Optimizing diffuse optical imaging for breast tissues with a dual-encoder neural network to preserve small structural information and fine features.
Academic Article
Overview
abstract
PURPOSE: Various laboratory sources have recently achieved progress in implementing deep learning models on biomedical optical imaging of soft biological tissues. The highly scattered nature of tissues at specific optical wavelengths results in poor spatial resolution. This opens up opportunities for diffuse optical imaging to improve the spatial resolution of obtained optical properties suffering from artifacts. This study aims to investigate a dual-encoder deep learning model for successfully detecting tumors in different phantoms w.r.t tumor size on diffuse optical imaging. APPROACH: Our proposed dual-encoder network extends U-net by adding a parallel branch of signal data to get information directly from the base source. This allows the trained network to localize the inclusions without degrading or merging with the background. The signals from the forward model and the images from the inverse problem are combined in a single decoder, filling the gap between existing direct processing and post-processing.
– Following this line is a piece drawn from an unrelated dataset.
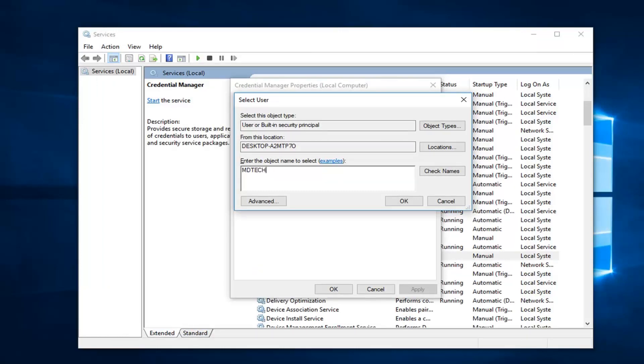So then I'm going to left click on check names. And once the name is recognized, you want to left click on ok.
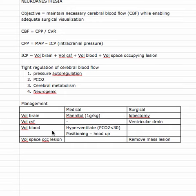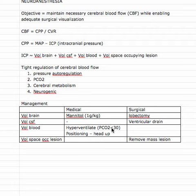We can hyperventilate the patient to lower their CO2, which will cause vasoconstriction of the blood vessels in the brain. We can also position them head-up so that gravity is working in our favor, helping to drain blood out of the brain and lower cerebral blood flow.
RESULTS: Absorption and reduced scattering coefficients are well reconstructed in both simulation and phantom test datasets. The proposed and implemented dual-encoder networks characterize better optical-property images than the signal-encoder and image-encoder networks, and the contrast-and-size detail resolution of the dual-encoder networks outperforms the other two approaches. From the measures of performance evaluation, the structural similarity and peak signal-to-noise ratio of the reconstructed images obtained by the dual-encoder networks remain the highest values. CONCLUSIONS: In this study, we synthesized the advantages of boundary data direct reconstruction, namely the extracted signals and iterative methods, from the obtained images into a unified network architecture.